Implementation Overview

The parsing logic (found in lammps_logfile.reader.read_log) uses a block-based approach to handle the variability of LAMMPS log files. Instead of assuming a fixed structure, it scans the file for specific “start” and “stop” keywords that delineate thermodynamic data blocks (the output of a run command).

Block Detection

The detection of a valid run block relies on recognizing start strings typical of LAMMPS output:

start_strings = [
    "Memory usage per processor",
    "Per MPI rank memory allocation"
]

When one of these strings is encountered, the parser enters a “capture mode”. It collects lines until a stop string is found:

stop_strings = [
    "Loop time",
    "ERROR",
    "Fix halt condition"
]

This robustly isolates the thermodynamic data from other log output (e.g., potential energy initialization, neighbor list builds).

Handling Run Styles

LAMMPS allows for different thermo_style settings, which produce different output formats. lammps-logfile automatically detects and handles these.

thermo_style custom (Default)

In the custom style (or one), the data is preceded by a header line containing the column names (e.g., Step Temp Press).

  • Logic: The parser accumulates the block lines and passes them to pandas.read_csv using the C-based engine.

  • Separator: Since LAMMPS uses whitespace, sep=r'\s+' is used.

thermo_style multi

In the multi style, data is output across multiple lines per timestep, separated by a header:

------------ Step 0 ----- CPU = 0.0000 (sec) -------------
TotEng   = -5.2737        KinEng   = 1.4996
...
  • Detection: The parser checks the first 10 lines of a captured block. If a line starts with ------------ Step, it identifies the block as multi style.

  • Parsing: A specialized function _parse_multi_style iterates through the lines. It extracts the Step and CPU from the separator line and parses the following Key = Value pairs into a dictionary for that timestep.

Performance Optimization

Parsing large text files requires careful optimization. lammps-logfile achieves >100 MB/s effective parsing speeds through:

  1. Memory-Mapped Scanning: The library uses mmap to scan the file for data blocks directly on disk, avoiding the need to load the entire text file into Python memory.
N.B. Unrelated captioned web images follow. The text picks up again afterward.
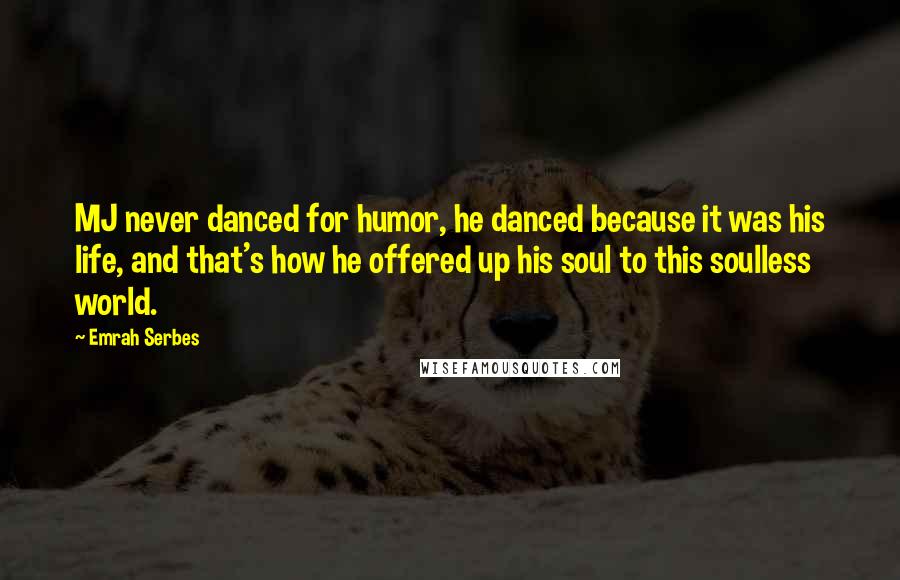 Emrah Serbes Quotes: MJ never danced for humor, he danced because it was his life, and that's how he offered up his soul to this soulless world.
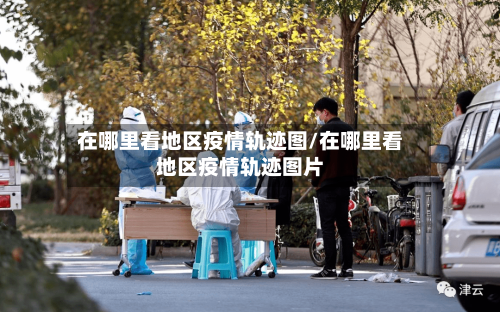 在哪里看地区疫情轨迹图/在哪里看地区疫情轨迹图片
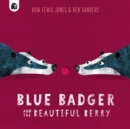 Image for Blue Badger and the Beautiful Berry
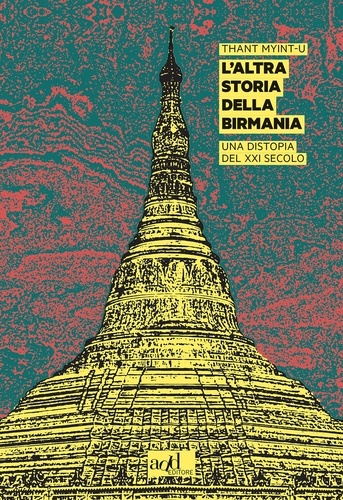 Thant Myint-U et Piernicola D'Ortona - L'altra storia della Birmania - Una distopia del XXI secolo.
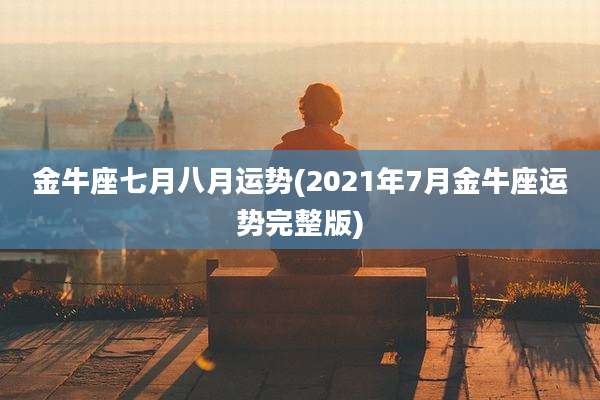 金牛座七月八月运势(2021年7月金牛座运势完整版)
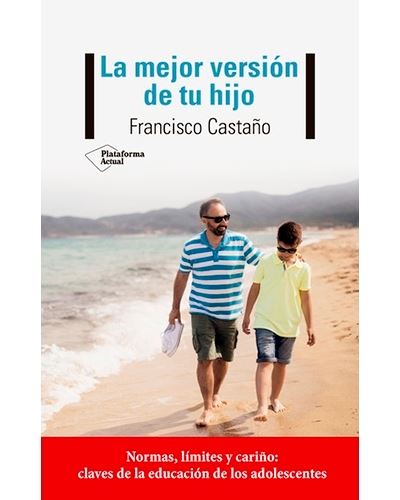 Plataforma Editorial Castaño La Mejor Versión De Tu Hijo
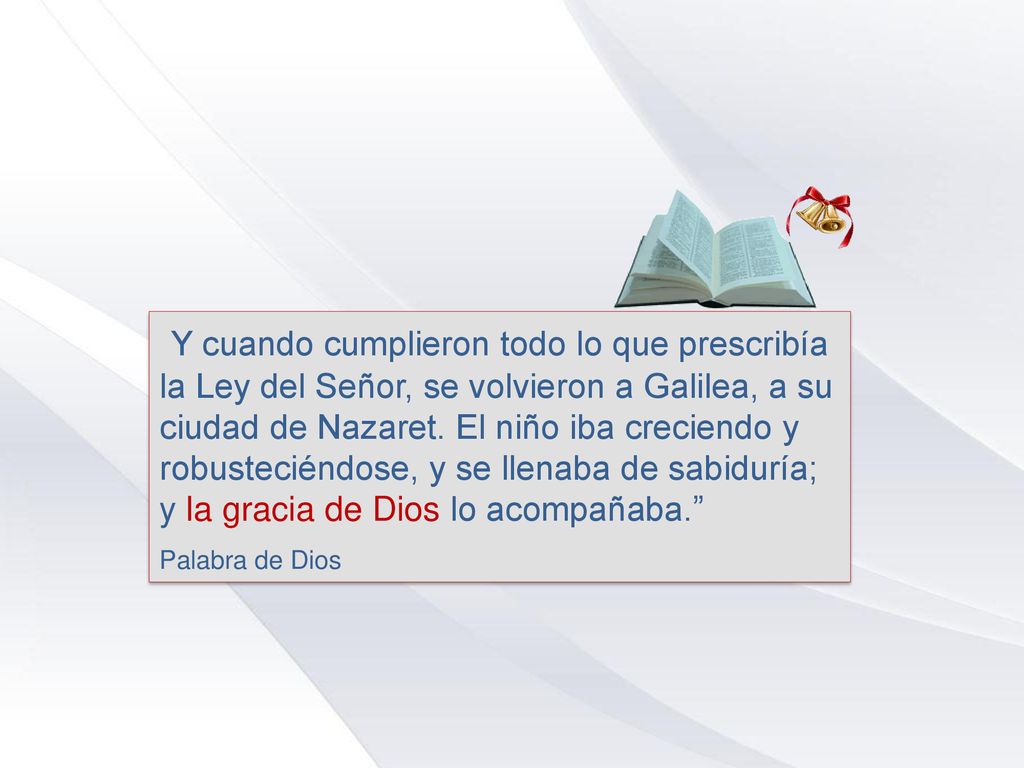 Y cuando cumplieron todo lo que prescribía la Ley del Señor, se volvieron a Galilea, a su ciudad de Nazaret. El niño iba creciendo y robusteciéndose, y se llenaba de sabiduría; y la gracia de Dios lo acompañaba.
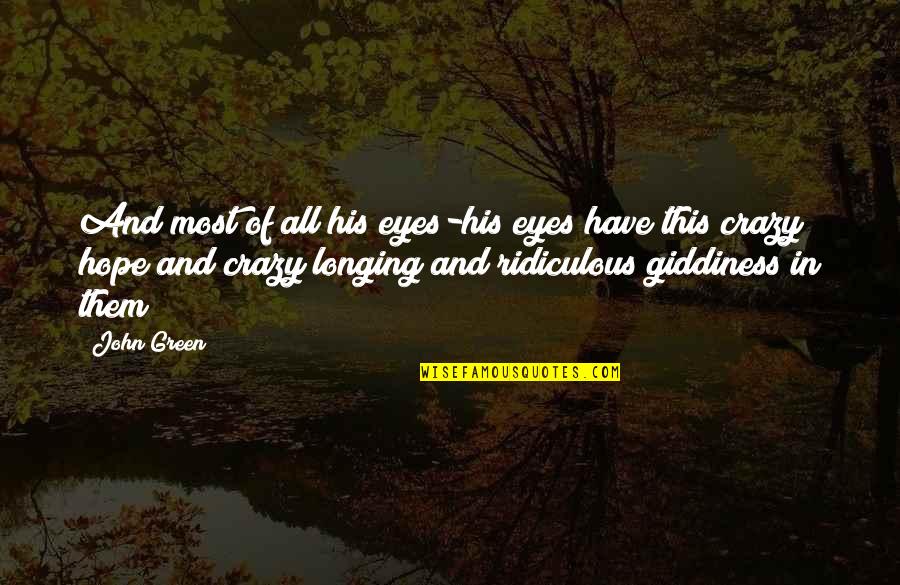 Ravel's Bolero Quotes By John Green: And most of all his eyes-his eyes have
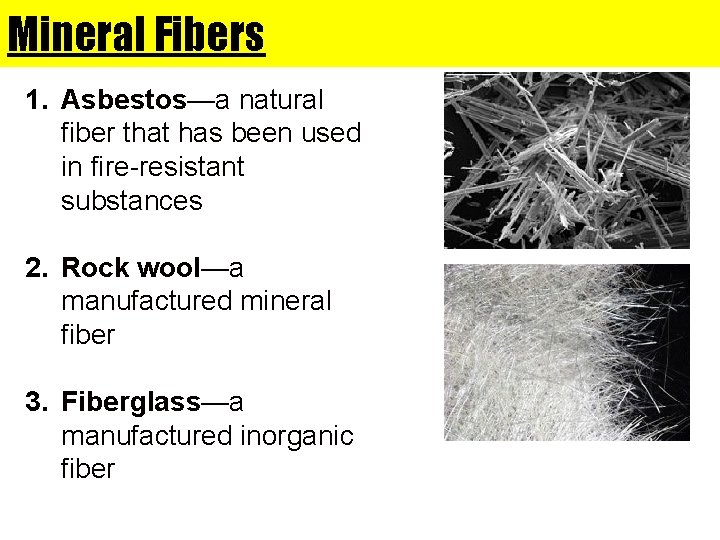 Mineral Fibers 1. Asbestos—a natural fiber that has been used in fire-resistant substances 2.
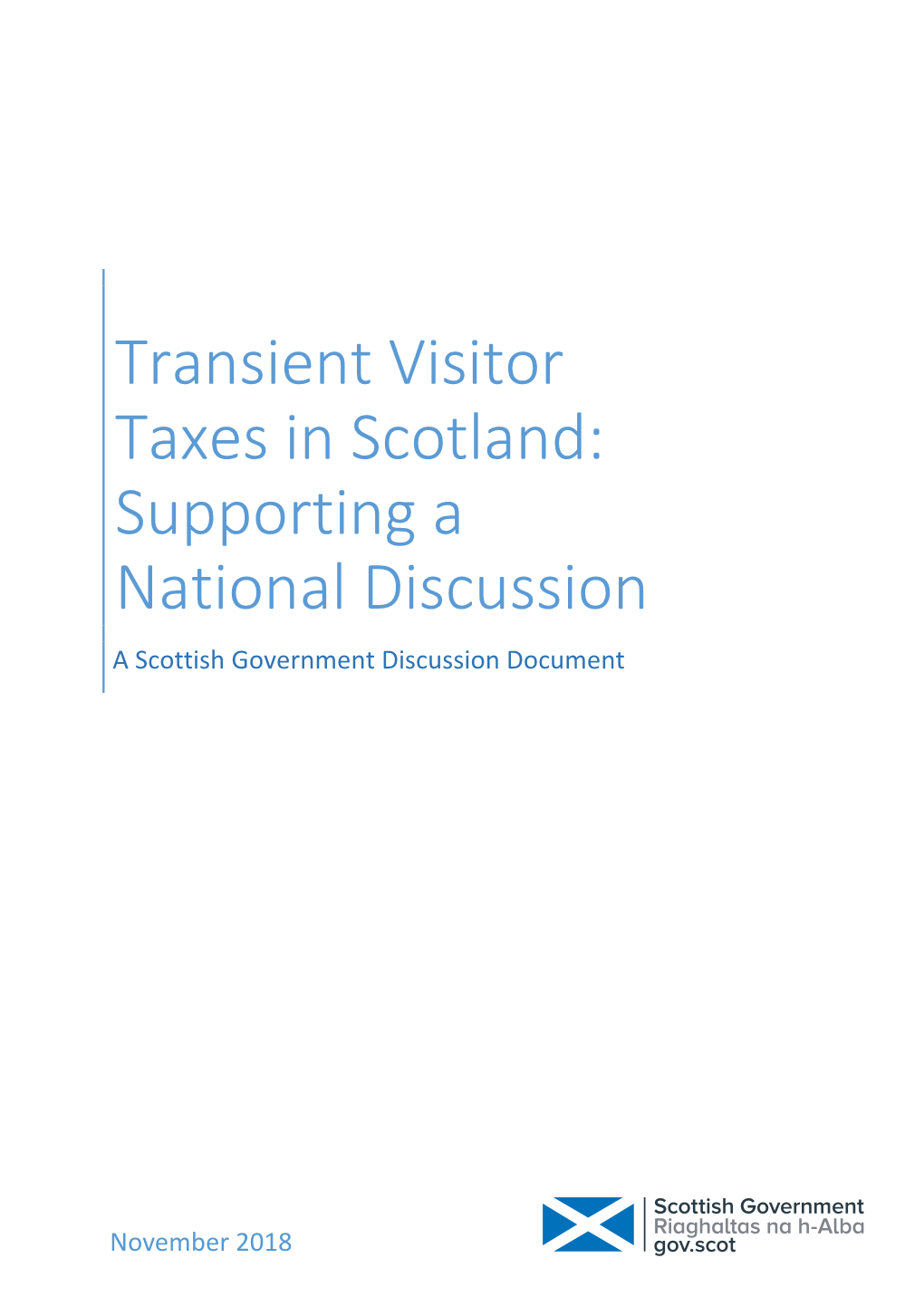 Transient Visitor Taxes in Scotland: Supporting a National Discussion a Scottish Government Discussion Document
  2. Zero-Copy Slicing: Identified data blocks are passed as memory views directly to pandas.read_csv, minimizing data copying.

  3. Pandas C-Engine: The heavy numeric parsing is handled by the optimized Pandas C-backend.

[!NOTE] Minimal Memory Footprint: Unlike naïve parsers that read the whole file (readlines()), this implementation’s memory usage is primarily determined by the size of the output data, not the input text file.

Completeness & Accuracy

  • Multiple Runs: The parser maintains a run_num counter. Each successfully parsed block increments this counter and receives a run_num column. The blocks are then concatenated into a single DataFrame.

  • Missing Columns: If a log file switches thermo_style between runs (e.g., adding a new compute), the final DataFrame will contain the union of all columns. Timesteps where a column was not present will have NaN values, ensuring no data is discarded.